“I Was Three When I Met Vladyka Anastassy…”
The Official Website of the Synod of Bishops of the Russian Orthodox Church Outside of Russia – 30/4/17
Transcript of an interview with Archimandrite Roman (Krassovsky), Chief of the Russian Ecclesiastical Mission in Jerusalem of the Russian Orthodox Church Outside of Russia with Alexander Mramornov of the program Veliky Sobor, in Jerusalem.
AM: How do you do, Fr. Roman?
Fr Roman: Christ is Risen!
AM: Fr Roman, you have served the Holy Church for a long time, and even saw some members of the Holy Council of Bishops of the Russian Orthodox Church in 1917-18, in particularly, Vladyka Anastassy. And your family remembers him well. Tell us about him.
Fr Roman: I was three when I met Vladyka Anastassy, these are my earliest recollections.
Vladyka Anastassy’s summer residence was at our parish in California. Every year, he would visit for 2-3 months. The Church of All Russian Saints had a parish house, it was considered a Synodal podvorie [representative branch], and that’s where I was baptized. My father, Vadim Vladimirovich Krassovsky, was the President of the Brotherhood of All Russian Saints. When Vladyka Anastassy was there, he had daily divine services, and my older brothers (I am the youngest) would serve as altar boys. We all went on to serve the Church, though we had no family history of the sort. But our father was active in society, and worked with scout camps and youth groups in China.
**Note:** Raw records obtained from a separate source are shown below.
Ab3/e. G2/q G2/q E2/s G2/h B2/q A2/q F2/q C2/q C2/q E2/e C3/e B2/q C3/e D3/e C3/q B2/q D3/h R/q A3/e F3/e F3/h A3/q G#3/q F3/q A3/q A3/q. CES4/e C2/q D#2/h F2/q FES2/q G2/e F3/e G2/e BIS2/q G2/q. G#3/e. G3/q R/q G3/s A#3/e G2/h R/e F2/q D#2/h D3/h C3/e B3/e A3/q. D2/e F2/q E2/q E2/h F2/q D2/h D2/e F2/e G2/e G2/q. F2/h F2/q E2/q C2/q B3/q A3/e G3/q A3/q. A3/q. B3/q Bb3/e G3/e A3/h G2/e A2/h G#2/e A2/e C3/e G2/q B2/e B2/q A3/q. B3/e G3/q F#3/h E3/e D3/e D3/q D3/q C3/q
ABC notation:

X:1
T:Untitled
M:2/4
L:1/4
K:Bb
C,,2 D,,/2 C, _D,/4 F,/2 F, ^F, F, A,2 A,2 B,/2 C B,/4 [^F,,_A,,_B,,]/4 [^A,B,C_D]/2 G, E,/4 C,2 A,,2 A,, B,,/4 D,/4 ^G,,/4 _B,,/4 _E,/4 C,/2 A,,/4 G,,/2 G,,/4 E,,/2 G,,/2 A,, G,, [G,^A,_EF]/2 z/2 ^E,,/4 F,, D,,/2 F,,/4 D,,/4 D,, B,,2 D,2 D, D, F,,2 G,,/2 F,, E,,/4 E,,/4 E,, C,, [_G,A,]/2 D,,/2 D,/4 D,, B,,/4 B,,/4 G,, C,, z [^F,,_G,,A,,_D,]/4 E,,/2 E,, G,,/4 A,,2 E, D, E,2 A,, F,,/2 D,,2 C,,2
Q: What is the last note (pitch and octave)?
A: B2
Vladyka Anastassy spent ten years in the Holy Land, he saved the Russian Mission in the 1920’s. He spoke English, he was a great diplomat, very refined. He was called “our holy relic” because he was such a faultless monastic. He was from the educated monastic line. When the first Patriarch was being elected, he received the sixth-highest number of votes, after Metropolitan Anthony (Khrapovitsky) and others, despite the fact that he was one of the youngest bishops.
He played an important role at that council, having been the chairman of the religious-educational conference, and drafted many documents.
He also wrote the rite of enthronement for the patriarch—that was his work.
At Holy Trinity Monastery in Jordanville, NY, where I lived for thirty years, we published an edition of В Свято-Троицком монастыре в Джорданвилле, где я тридцать лет жил, мы переиздали Sputnik Psalomshchika [The Psalm-readers Companion], which was a compendium of various liturugical compositions and ancient chants. When the first edition was published in 1959, the first copy was given to Vladyka Anastassy, who smiled and said “I read the corrected original,” while he served under Archbishop, then Metropolitan Arseny (Stadnitsky), whose spiritual son he was, one might say.
Vladyka Anastassy had a broad view of life, he was knowledgeable about Russian literature, he wrote a book about Pushkin. In fact, he would invite my father and others for evening Pushkin readings at his residence.
After the war, Vladyka Anastassy moved to New York and established the Church Abroad there. During his primacy of the Church Abroad, St John of Kronstadt was canonized in 1964. That was, obviously, a risky step to take—did we have the right to do so or not? But our Council of Bishops decreed that we did. At this council, Vladyka Anastassy tendered his resignation. He had been the second Primate of the Russian Church Abroad, after Metropolitan Anthony (Khrapovitsky).